How to migrate from Google Calendar to Outlook Calendar
What real users say
Google Calendar: Users consistently praise Google Calendar's speed and the natural-language event creation (typing 'Lunch with Sarah Friday 1pm' auto-fills everything). The most common complaint is that Appointment Schedules — the built-in Calendly equivalent — requires a paid Workspace plan and lacks advanced routing rules.
Outlook Calendar: Outlook Calendar users appreciate the tight Exchange integration and the Scheduling Assistant's org-wide free/busy view, calling it essential for coordinating large meetings. The recurring complaint is the mobile app's complexity — combining email and calendar in one pane frustrates users who simply want to check their schedule.

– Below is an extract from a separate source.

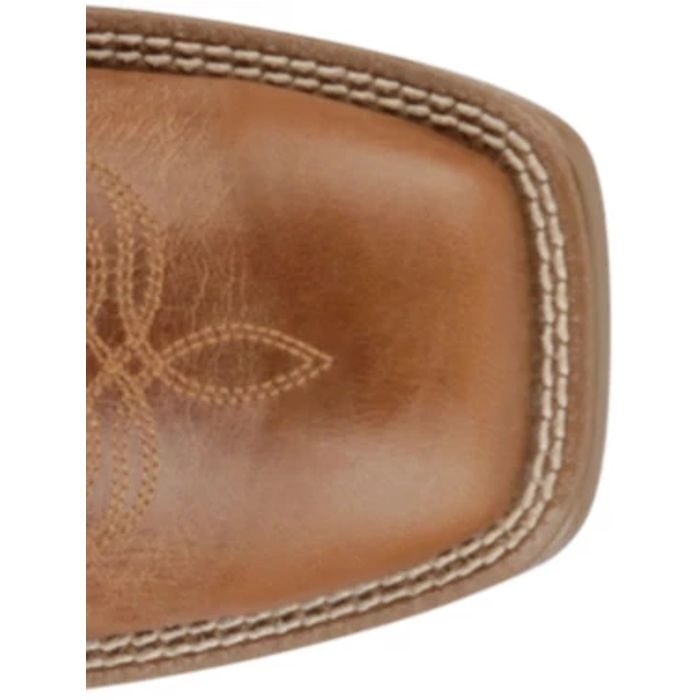 Justin Ashtyn 11" Western - Image 2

Sources: G2Reddit r/productivityApp Store reviews
Final verdict
Choose Google Calendar if...
- Choose Google Calendar if your team runs on Google Workspace and you rely on tools like Gmail, Google Meet, or Google Drive daily.

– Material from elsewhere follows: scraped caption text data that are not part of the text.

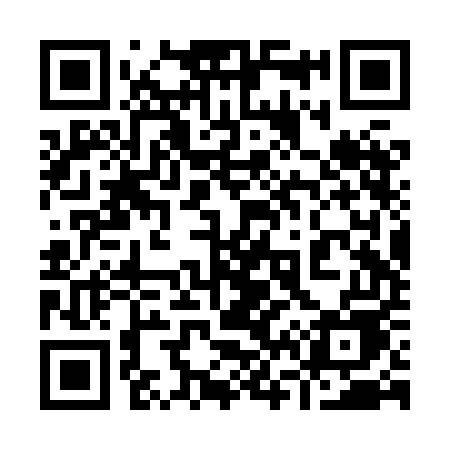 QR code for 962XEE
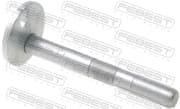 OEM BOLT, METAL 0129010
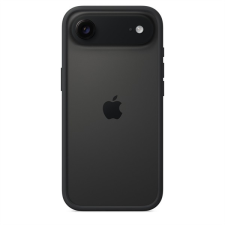 Apple iPhone Air tok, Bumper - Black tok és táska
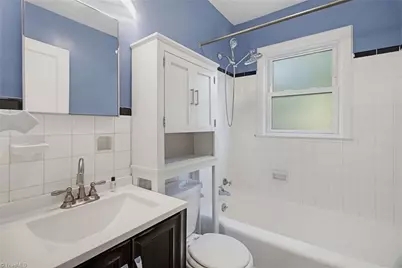 1311 Cardinal Place, Greensboro, NC 27408 - Photo 26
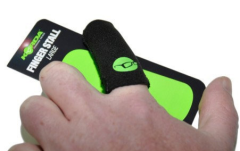 Korda Finger Stall Large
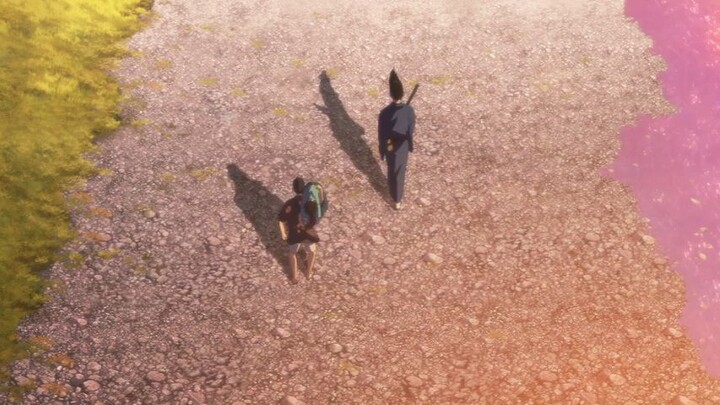 Rurouni_Kenshin__Meiji_Kenkaku_Romantan__2023_ Episode 3 (sub Indonesia)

- Choose Google Calendar if you're a freelancer or small business owner who needs a clean scheduling UI and wide Calendly/Zapier integrations without paying for a full enterprise suite.
- Choose Google Calendar if mobile-first calendar access matters — the standalone Google Calendar app on iOS and Android is faster and more focused than Outlook Mobile.
Choose Outlook Calendar if...
- Choose Outlook Calendar if your organization is on Microsoft 365 with Exchange — the native free/busy lookups, room booking, and delegate access are not replicable without it.
- Choose Outlook Calendar if your role requires managing other people's calendars or acting as a delegate/assistant, where Outlook's permission model is far more granular.
- Choose Outlook Calendar if you need full offline desktop access to your calendar, since Outlook's desktop client works completely without an internet connection.
Consider neither if: Consider a dedicated tool like Fantastical or Vimcal if you need advanced natural-language parsing, multi-account calendar views across both Google and Microsoft accounts, or AI-driven scheduling that neither native calendar handles natively.